=== EXERCISE MATERIALS ===
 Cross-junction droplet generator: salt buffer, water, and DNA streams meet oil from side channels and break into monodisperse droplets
===
=== EXERCISE MATERIALS ===
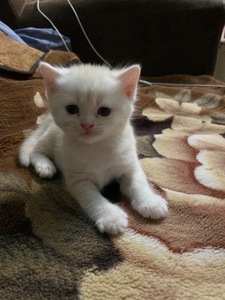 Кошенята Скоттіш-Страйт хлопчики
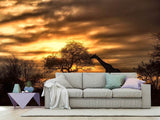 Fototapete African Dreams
===
=== EXERCISE MATERIALS ===
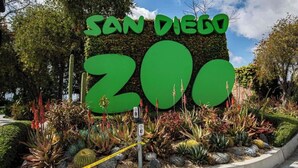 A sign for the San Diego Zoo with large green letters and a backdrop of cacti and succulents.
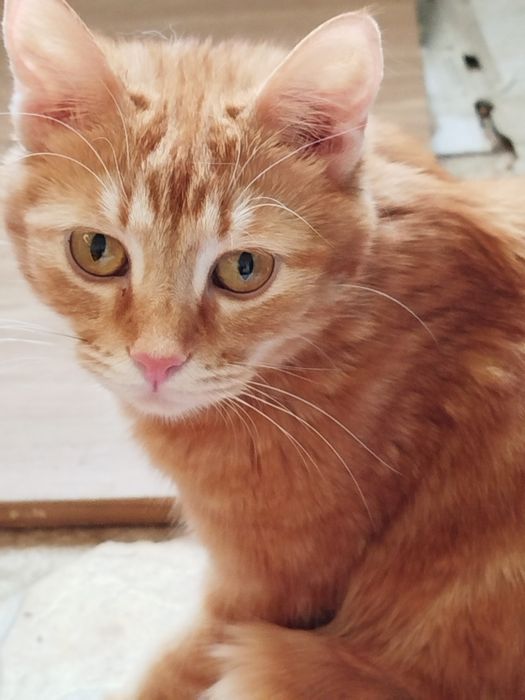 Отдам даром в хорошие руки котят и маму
===
● **WORK REQUIRED**
The answer is those lines of the material above that run from the one containing "Кошенята Скоттіш-Страйт хлопчики" up to and including the one containing "Fototapete African Dreams", restated exactly and without images.

● **RESULT**
 Кошенята Скоттіш-Страйт хлопчики
 Fototapete African Dreams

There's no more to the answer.